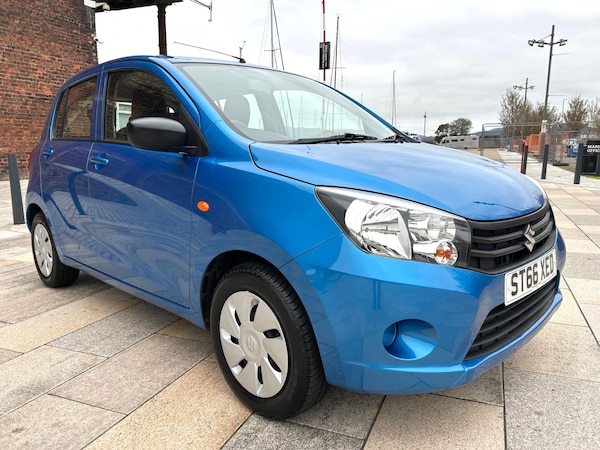 Used Suzuki Celerio 2016 for sale - 76307410: Photo 1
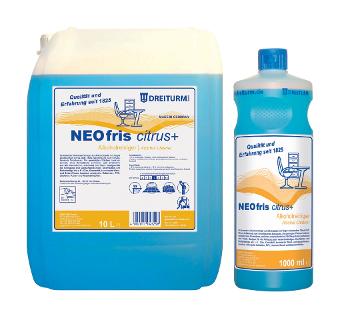 Detergent universal pe baza de alcool 1-10L - PH 7 - Neofris Citrus plus - Dreiturm - 43U28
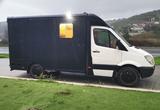 Mercedes-Benz Sprinter 316CDI - Alkoven mit 3 Schlafplätzen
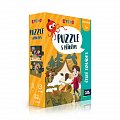 Kvído - Puzzle s příběhy - české pohádky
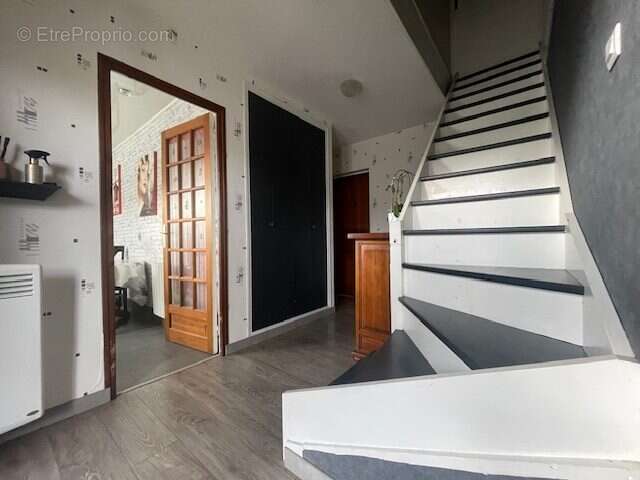 Maison à LE BLANC-MESNIL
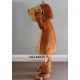 Brown Bear Mascot Costume Adult Bear Mascot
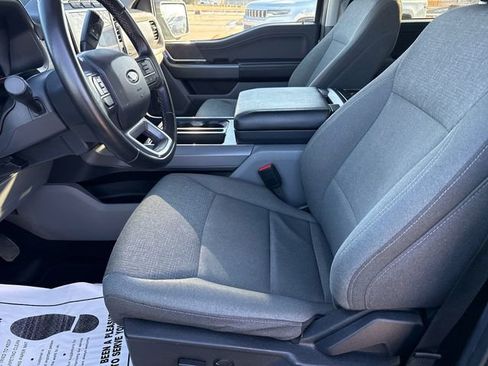 Used 2024 Ford F150 XLT w/ Mobile Office Package image 16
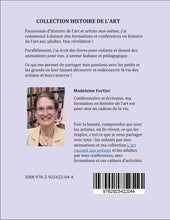 Charger l'image dans la galerie, Activités ludiques pour adultes, Claude Monet Histoire de l'art - activités Madeleine Fortier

■ ■ ■ ■ ■ ■ ■

Restate word for word the lines starting at the one that contains "Brown Bear Mascot Costume Adult Bear Mascot" and ending at the last line of the data. Skip every picture.

 Brown Bear Mascot Costume Adult Bear Mascot
 Used 2024 Ford F150 XLT w/ Mobile Office Package image 16
 Charger l'image dans la galerie, Activités ludiques pour adultes, Claude Monet Histoire de l'art - activités Madeleine Fortier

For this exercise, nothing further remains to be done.